Maximum Profit of Operating a Centennial Wheel

Maximum Profit of Operating a Centennial Wheel - Problem

Array Simulation Medium

You are the operator of a Centennial Wheel that has four gondolas, and each gondola has room for up to four people. You have the ability to rotate the gondolas counterclockwise, which costs you runningCost dollars.

You are given an array customers of length n where customers[i] is the number of new customers arriving just before the i-th rotation (0-indexed). This means you must rotate the wheel i times before the customers[i] customers arrive. You cannot make customers wait if there is room in the gondola. Each customer pays boardingCost dollars when they board on the gondola closest to the ground and will exit once that gondola reaches the ground again.

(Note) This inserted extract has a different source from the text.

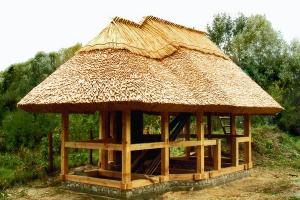 DIY trstična streha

You can stop the wheel at any time, including before serving all customers. If you decide to stop serving customers, all subsequent rotations are free in order to get all the customers down safely. Note that if there are currently more than four customers waiting at the wheel, only four will board the gondola, and the rest will wait for the next rotation.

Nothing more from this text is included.